Aggregating the crowd forecast
Individual forecasts for each question were aggregated using an algorithm developed and tested through experience with several IARPA research programs in geopolitical crowd forecasting [11]. Individual forecasts were first weighted, with greater weight given to forecasters who update their predictions frequently and who have a better past record of accuracy. The pool of individual forecasts was then reduced so that only the 30% most recent forecasts were retained for aggregation, while others were discarded. The weighted forecasts were then averaged. Finally, an extremization step was used to sharpen the resulting forecast and compensate for collective under-confidence [21]. As previously noted, individual forecasters had access to a crowd forecast while making their own, but that publicly-displayed crowd forecast reflected a degraded version of the full algorithm just described. It was the simple average of the 30% most recent forecasts in that IFP, not taking into account individual weights nor extremization. We wanted the forecasters to position themselves relative to the crowd’s opinion without giving them the benefit of the fully-optimized crowd wisdom.

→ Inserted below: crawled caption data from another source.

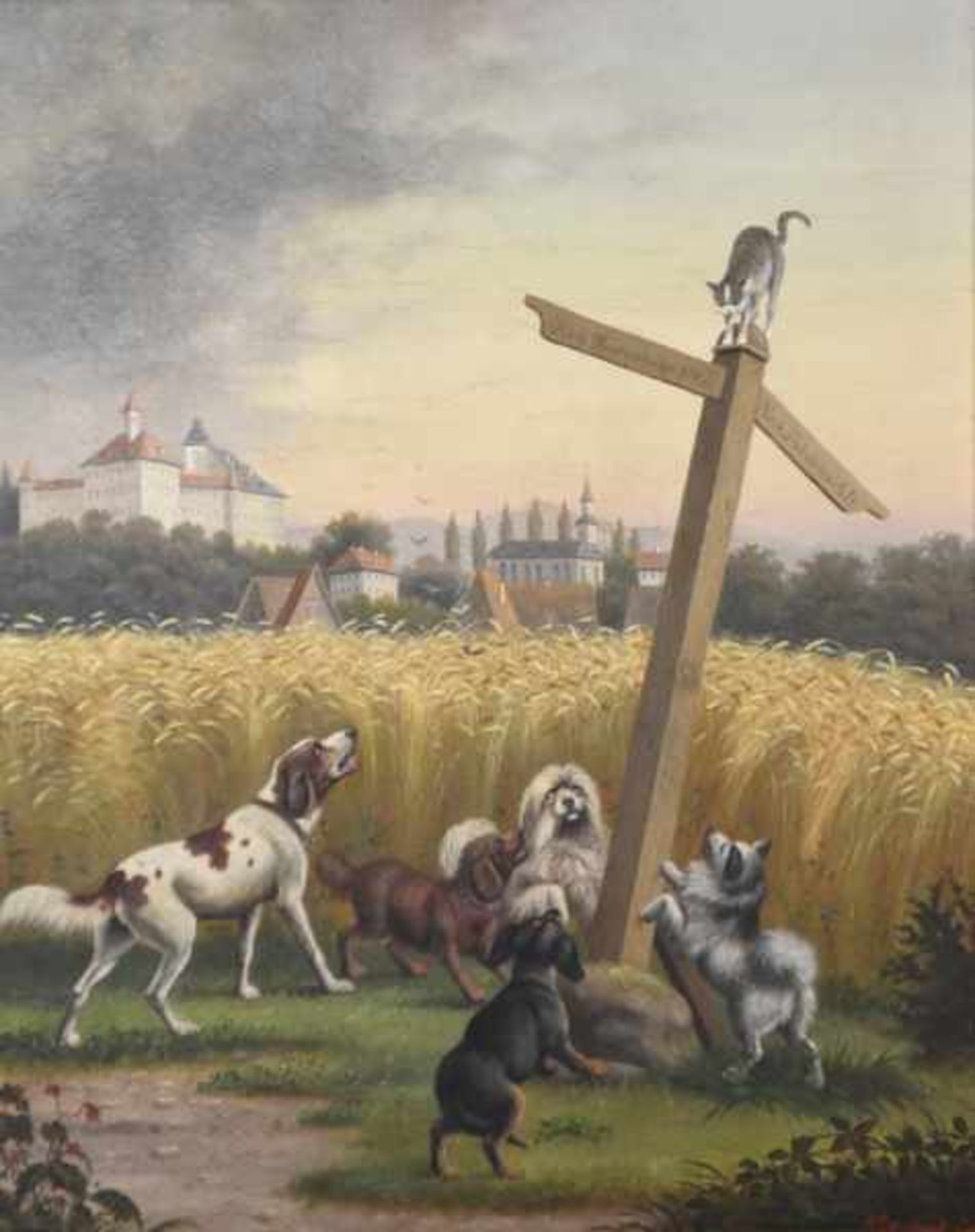 GEORGIUS Robert (1871 - 1942 Deutschland) "Hunde am Wegkreuz", 5 Hunde bellend vor einem Wegkreuz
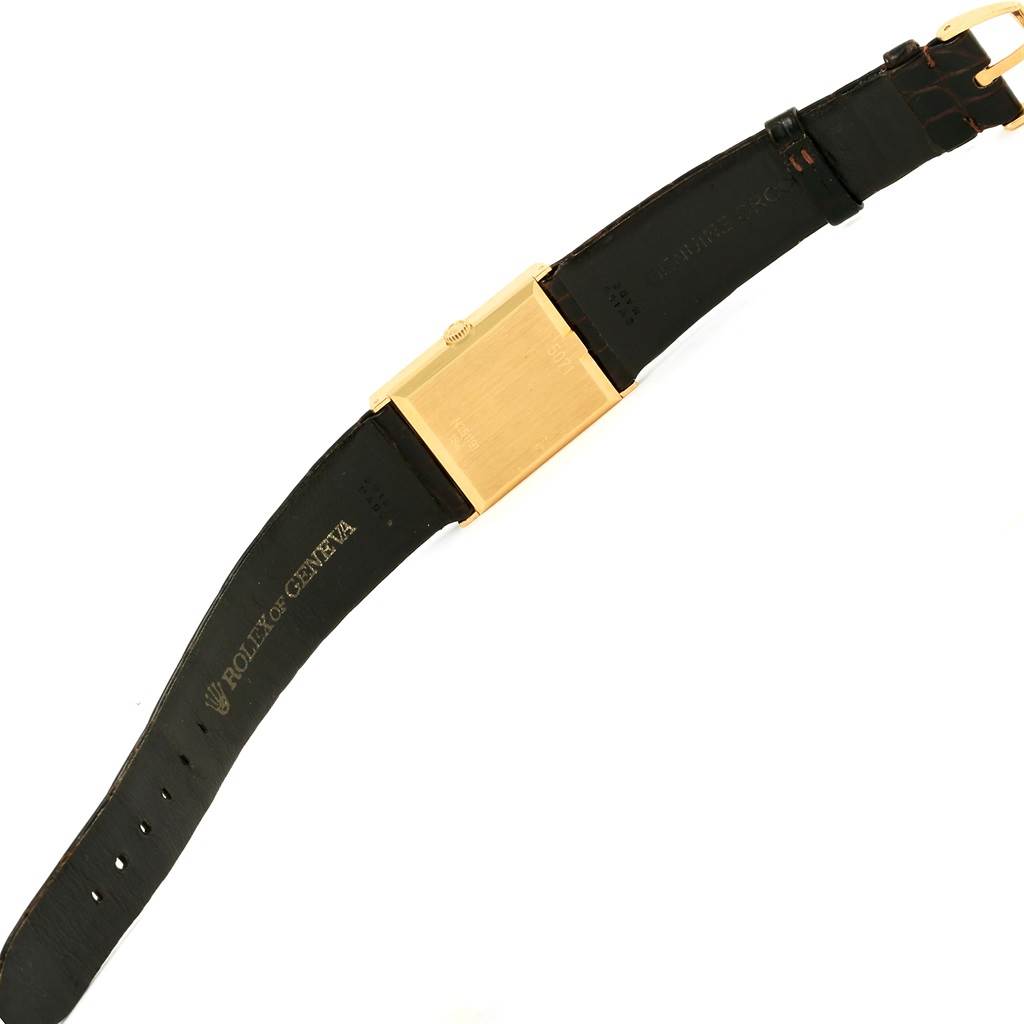 This image shows the back and strap of the Vintage Collection model by Rolex, displayed at an overhead angle.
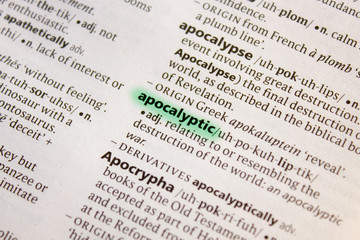 Apocalyptic word or phrase in a dictionary.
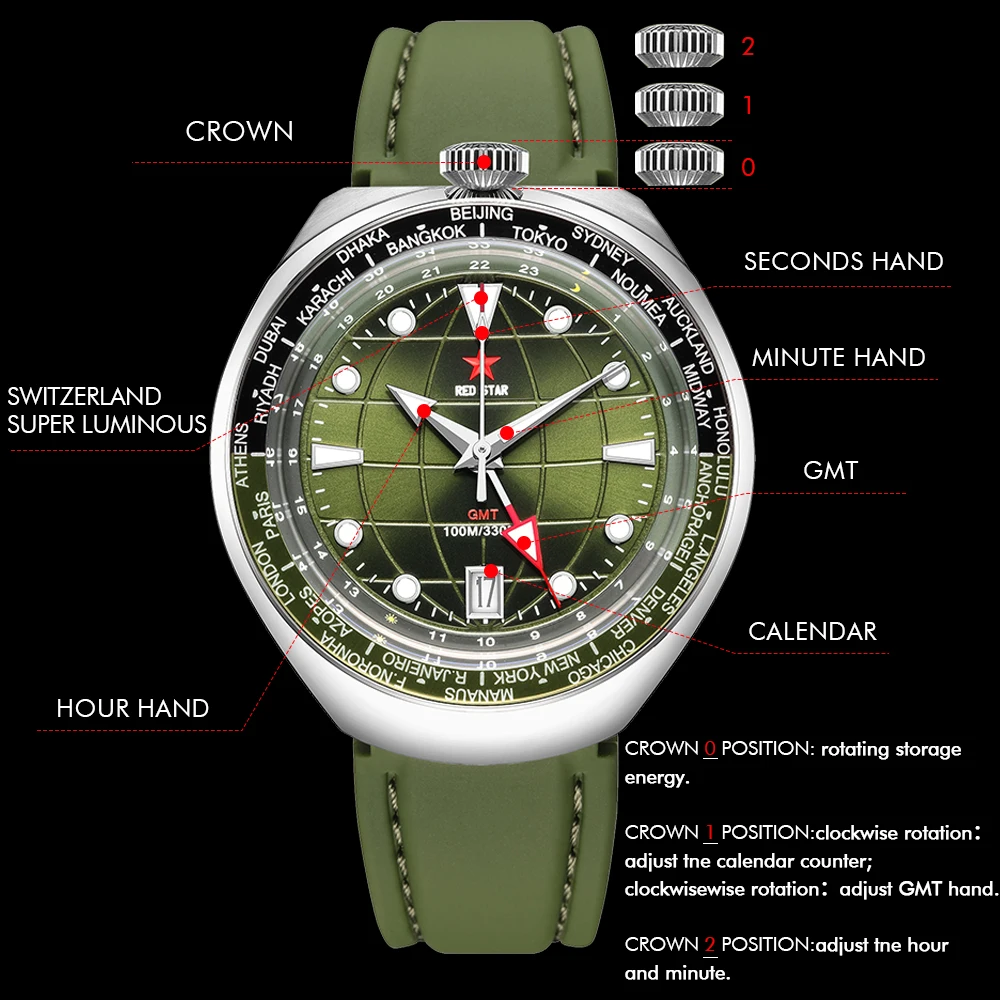 RED STAR 42mm New BullHead 100m Diving Automatic Mechanical Watches Calendar Luminous Double Domed Mineral Glass NH34 Wristwatch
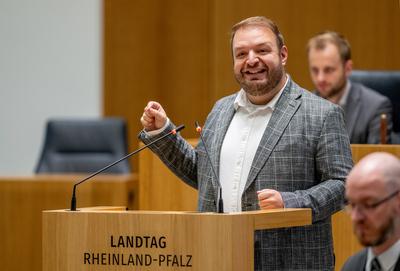 Damian Lohr AFD spricht im Landtag-stock-foto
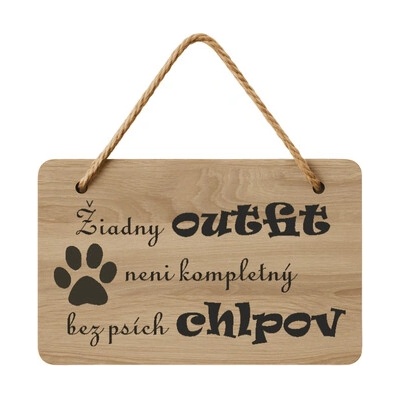 Drevená tabuľka - Outfit psíky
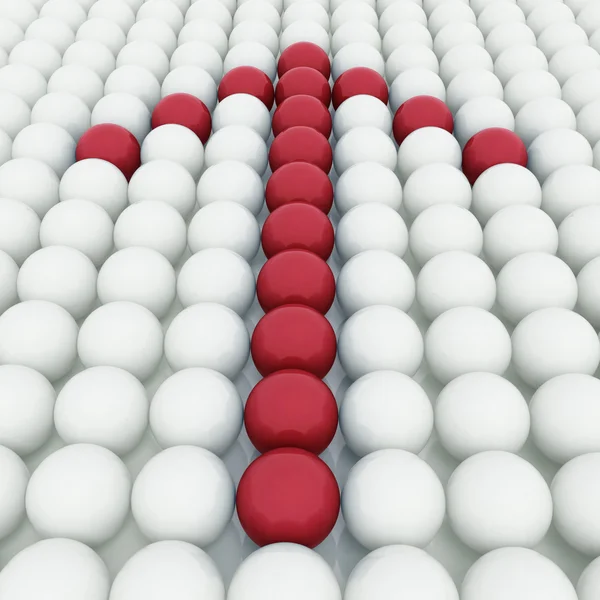 Balles 3D blanches avec boules rouges — Photo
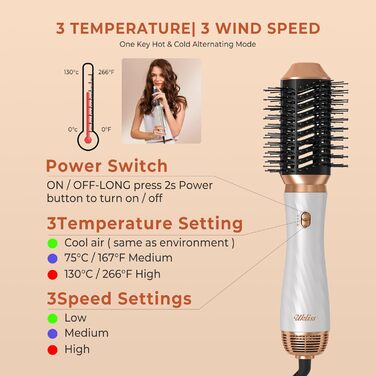 UKLISS 6-в-1 Стайлер для волосся з феном Pro, Набір для укладання волосся: плойка, випрямляч, фен, щітка для укладання, автоматична завивка, іонізація, Airbrush, подарунковий набір для жінок, блакитний (золотий)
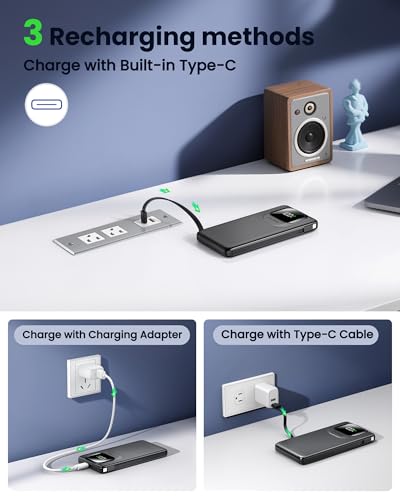 Portable Charger with Built-in Cables,22.5W Super Fast Charging Power Bank Slim Phone Charger,10000mAh Travel Battery Pack Battery Bank with Smart LED Display for iPhone, Android & USB-C - color: Black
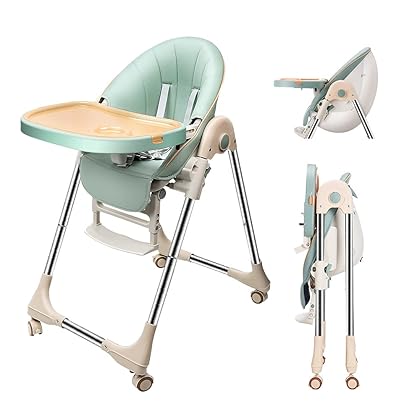 Ezebaby Baby High Chair for Toddlers, Foldable with Adjustable Seat Heigh Recline, Portable Babies and Toddler 4 Wheels, Infant Removable Tray(Green)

Evaluating the crowd forecast
The crowd forecast’s absolute accuracy for each IFP was computed by averaging its daily Brier scores over the lifetime of the IFP. The overall accuracy of the aggregated forecasts was also computed as the average of its scores across all IFPs. But forecasting accuracy is only meaningful when compared to benchmarks, such as the “chance” forecast that would result from assigning equal probabilities to all possible outcomes in an IFP, or the accuracy of the individual forecasters themselves. The accuracy and timeliness of the crowd forecast were further evaluated in four increasingly severe ways: 1) the percentage of the lifetime of an IFP that the crowd forecast was more accurate than chance, 2) the point in the lifetime of an IFP at which the crowd forecast became irreversibly better than chance (the earlier the better), 3) the percentage of the lifetime of an IFP that the correct outcome was the crowd’s favorite, and 4) the point in the lifetime of an IFP at which the correct outcome became irreversibly the crowd’s favorite. For example, in the IFP described in Fig. 1, the crowd’s forecast was better than the chance forecast for 16 days out of 21, or 76% of the lifetime of that IFP. It became irreversibly better than the chance forecast on day 5, or 24% into the lifetime of that IFP. The crowd favorited the correct outcome for 10 out 21 days, or 48% of the lifetime of that IFP. The correct outcome became irreversibly the crowd’s favorite on day 12, or 57% into the lifetime of this IFP.